Fügsamkeit: „Gerade am heutigen Tag möchte ich mich auf das, was da ist, einstellen und nicht versuchen, alles nach meinen Wünschen zu richten“ Selbstverarschung: „andere nicht kritisieren, keine Fehler aufspüren und niemanden verändern außer mich selbst“ – „daß man, wenn man sich »mies« fühlt, ruhig mal zeigt, wie einem zumute ist, ohne sich darum zu kümmern, wie die anderen reagieren“ (PBGA) – und sich immer wieder den Lincoln-Spruch vorsagen: „Die meisten Menschen sind so glücklich wie sie sein wollen“ (Harsch)
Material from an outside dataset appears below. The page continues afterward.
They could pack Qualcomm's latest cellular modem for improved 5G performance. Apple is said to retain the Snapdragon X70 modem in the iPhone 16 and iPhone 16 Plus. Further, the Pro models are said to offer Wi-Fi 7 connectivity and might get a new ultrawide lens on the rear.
Hat man das alles drin, kann man sich noch „positive Verstärker“ geben, die zur weiteren Abhärtung beitragen: macht einen der Chef so richtig runter, kein Selbstmitleid zeigen, sondern das Selbstmitleid

„unterbrechen und dafür seine neue Vorstellung von sich selbst einbringen.“ (Harsch)
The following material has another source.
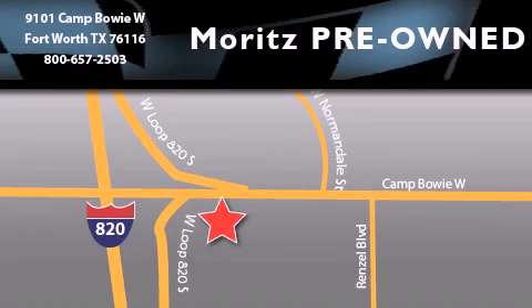Moritz Chevrolet Chrysler Jeep Dodge is located at 9101 Camp Bowie in Fort Worth. Our goal is to exceed all of your expectations to ensure that you'll return for future visits.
„Lieber ein bekannter Säufer als ein anonymer Alkoholiker!“

Doch sei die psychoterroristische Behandlung auch noch so massiv und die daraufhin gefaßten Vorsätze noch so eisern gewesen – mit der Entlassung stellt sich für den Entwöhnten noch jedesmal heraus, daß seine Gründe, aus denen heraus er das Saufen anfing, nicht beseitigt sind. Somit stellt sich für ihn sofort das Problem – nicht: „Was mache ich jetzt?“, sondern – „Wie vermeide ich, rückfällig zu werden?“ Gottseidank gibt es da private Organisationen, die dem Staat das Problem weiterer Überwachung abnehmen, allen voran die „Anonymen Alkoholiker“. Der Zweck dieses Vereins besteht darin, daß die darin Versammelten und nur auf Verdacht dem gänzlichen Verfall Entkommenen sich selbst als Gruppe bei der Stange halten. So beten sie sich allwöchentlich gegenseitig vor, wie große Schweinehunde sie eigentlich sind, und gewinnen ihr Selbstbewußtsein daraus, daß sie noch nicht wieder versumpft sind – beteuern sich also gegenseitig die eine und entscheidende „Wahrheit“, die sie aus den Anstalten mitgenommen haben: nie wieder einen Tropfen, denn ich bin – für immer – süchtig! Eine trostlose Veranstaltung, deren bescheidener Nutzen nur bei denen anschlägt, deren Tagesablauf nicht so aufreibend ist, daß die Flasche als unverzichtbare Hilfe erscheinen muß.

Doch auch die, die wieder und wieder rückfällig werden, sind nicht verloren. Die staatliche Garantie des „Schutzes des Lebens“ sorgt dafür, daß sie nicht zu schlichten Selbstmördern werden: kaum in der Gosse gelandet, schleppt man sie in Irrenhäuser, legt sie trocken und stopft sie mit Tabletten voll, und das so oft, wie sie es noch schaffen, in die Gosse zu fallen. Angesichts wieder und wieder vorgeführter Fälle von Delirium tremens, sagt der Staat: Leben mußt du! Was für ein Leben ist es – daß ist die Sache des Säufers.

P.S. Wer kömmt da noch auf den Gedanken, daß man sich einfach eine Halbe einschenkt und sich dazu eine anzündet, bloß weil’s schmeckt und wegen der Gemütlichkeit?